TASK BRIEF
When you reach the line in the data below that contains "Relógio com Número Romano Marcando 13h19min", please start repeating lines exactly, and stop after the line that contains "Explorer 200 Llandrindod", repeating nothing else.
[Opening DATA FOR ANALYSIS section]
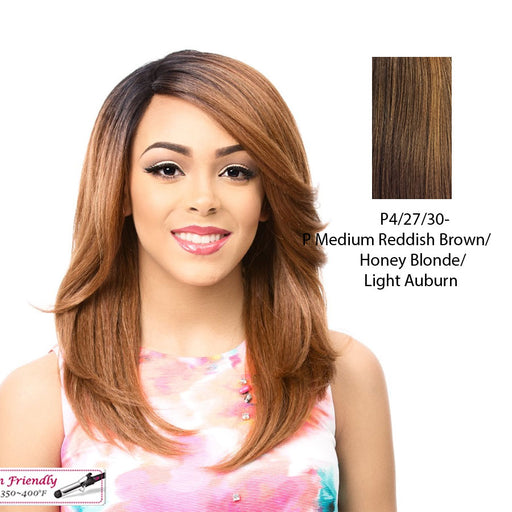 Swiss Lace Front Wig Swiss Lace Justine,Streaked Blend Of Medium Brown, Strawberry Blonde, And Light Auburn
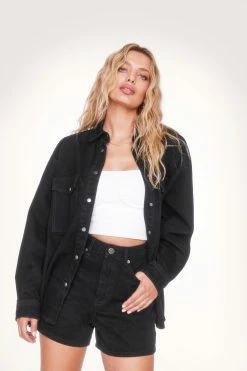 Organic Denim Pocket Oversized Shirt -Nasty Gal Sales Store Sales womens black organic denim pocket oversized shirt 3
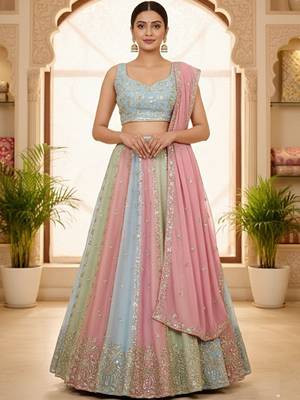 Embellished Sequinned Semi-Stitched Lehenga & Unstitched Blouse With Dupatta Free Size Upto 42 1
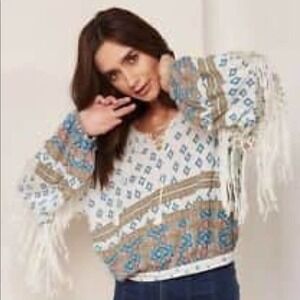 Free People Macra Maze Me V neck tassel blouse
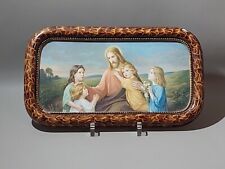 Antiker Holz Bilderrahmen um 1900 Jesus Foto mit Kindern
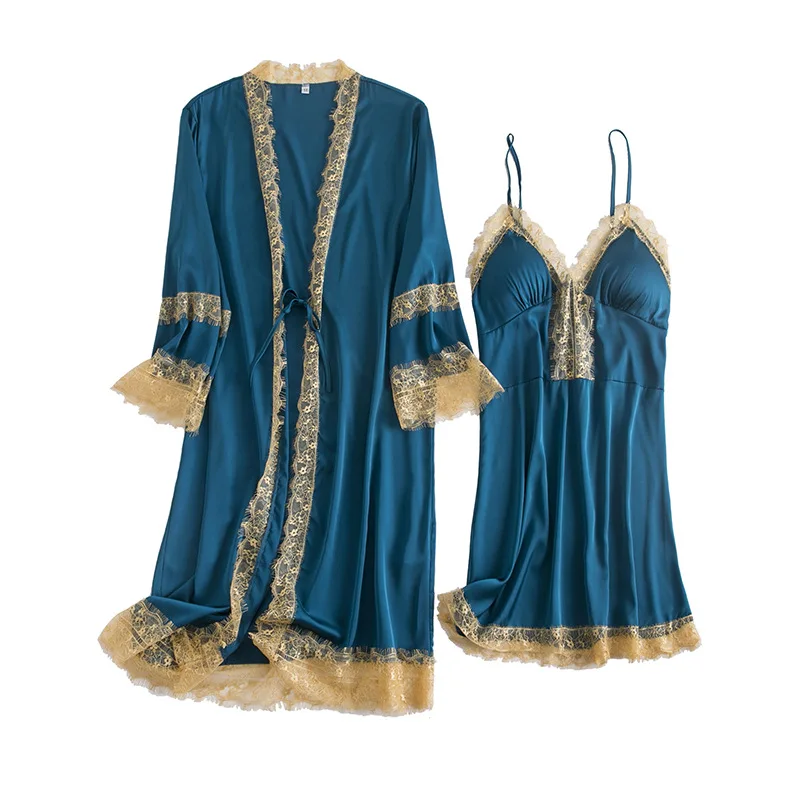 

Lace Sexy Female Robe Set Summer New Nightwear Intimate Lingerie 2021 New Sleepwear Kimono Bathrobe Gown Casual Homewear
[Closing DATA FOR ANALYSIS section]
[Opening DATA FOR ANALYSIS section]
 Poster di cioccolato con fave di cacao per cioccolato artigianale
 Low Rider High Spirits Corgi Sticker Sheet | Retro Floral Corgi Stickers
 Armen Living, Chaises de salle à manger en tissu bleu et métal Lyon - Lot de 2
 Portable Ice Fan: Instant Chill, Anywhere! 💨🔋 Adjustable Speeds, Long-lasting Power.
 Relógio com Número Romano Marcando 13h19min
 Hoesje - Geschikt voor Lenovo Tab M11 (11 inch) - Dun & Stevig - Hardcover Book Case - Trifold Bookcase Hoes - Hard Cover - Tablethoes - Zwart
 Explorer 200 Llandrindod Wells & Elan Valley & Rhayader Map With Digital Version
[Closing DATA FOR ANALYSIS section]
RESULT FOR THIS EXERCISE
 Relógio com Número Romano Marcando 13h19min
 Hoesje - Geschikt voor Lenovo Tab M11 (11 inch) - Dun & Stevig - Hardcover Book Case - Trifold Bookcase Hoes - Hard Cover - Tablethoes - Zwart
 Explorer 200 Llandrindod Wells & Elan Valley & Rhayader Map With Digital Version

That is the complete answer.